Lo digo con todas sus letras (enójese quien se enoje): ya estoy harto de tanta testarudez y cháchara en contra del Papa Francisco. Que si es de izquierda, peronista, marxista, socialista, masón, rojo, desquiciado; que si atenta contra la historia de la Iglesia, le abre la puerta a los homosexuales, a las lesbianas, a los transexuales, a la Eucaristía para los divorciados vueltos a casar por lo civil, a la Iglesia de China, a los dictadores populistas, a Cuba, a Maduro, a los pecadores, a los jóvenes contestatarios (el arzobispo de Filadelfia quería que cancelara el Sínodo de la Juventud que empezó ya en el Vaticano), etcétera.
Lo que estos críticos del Papa no le perdonan es lo que no le perdonaron a san Juan XXIII, al (todavía beato, dentro de dos semanas santo) Pablo VI, al venerable Juan Pablo I, a san Juan Pablo II y al Papa emérito Benedicto XVI (de quien no les gustó su renuncia): que hayan ocupado el timón de la barca de Pedro cuando tendrían que haber sido ellos (los buenazos, los inmaculados, los sabios y los dizque santos) quienes deberían haberla piloteado. Les molesta la infalibilidad (en materia de fe y moral) del Papa, porque empaña su propia infalibilidad.

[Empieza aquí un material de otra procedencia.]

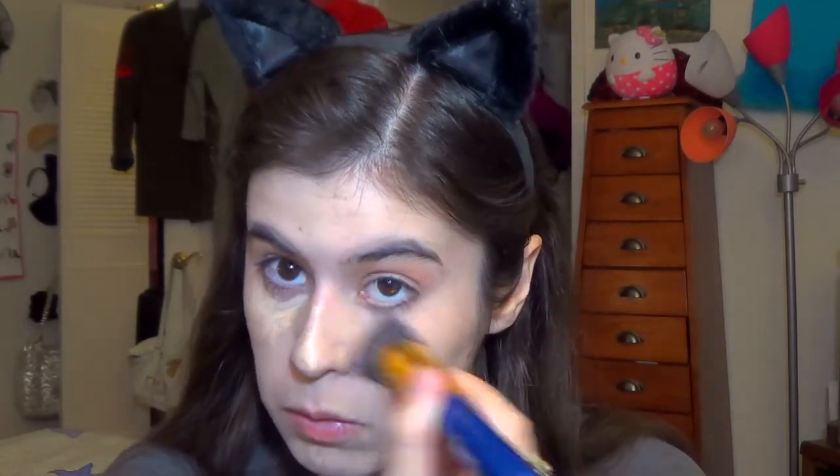Next I go in with a concealer to correct my dark circles, because I have really really dark ones. This is the Elf Tone Correcting Concealer in the shade Apricot Beige. It's a little peachy tone so it really corrects the brown-purple undertones. It's very thin and watery, but I actually really like it — most people hate it. It doesn't dry out my under eyes like other concealers do.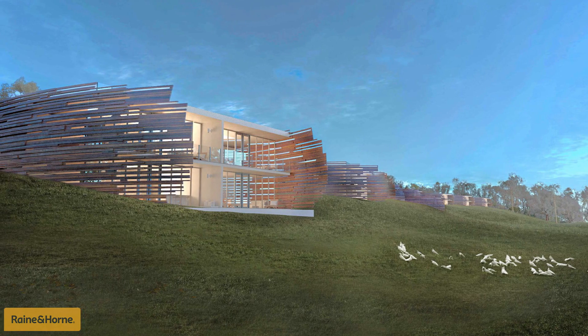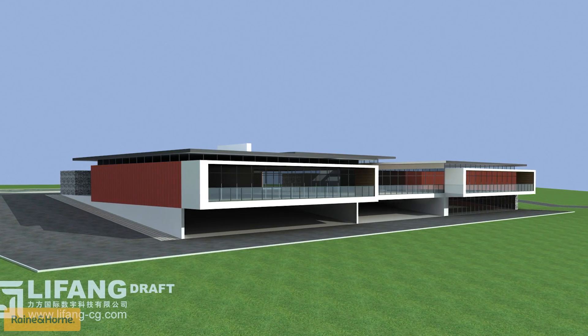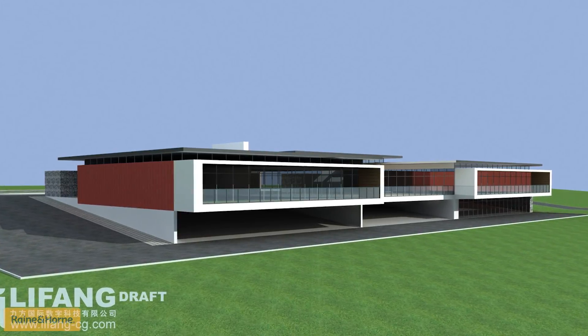Development opportunities could be a pub, tourist or visitor accommodation, other dwellings and ecotourism, as well as a large conference centre or hotel.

Estos plumíferos agazapados pertenecen a la estirpe de los pájaros aquellos que cantan aquí, pero tienen su nido en otra parte. Han hecho un daño enorme a la Iglesia. La han hecho increíble, cuando la labor del Papa Francisco (y de sus antecesores, con el Concilio Vaticano II en su concepción, despliegue y mandato), la están haciendo creíble. Que yo sepa, absolutamente nadie les pidió que defendieran la ortodoxia en lugar de aquellos a quienes sí designó el Espíritu Santo para hacerlo. ¿O tampoco creen en eso?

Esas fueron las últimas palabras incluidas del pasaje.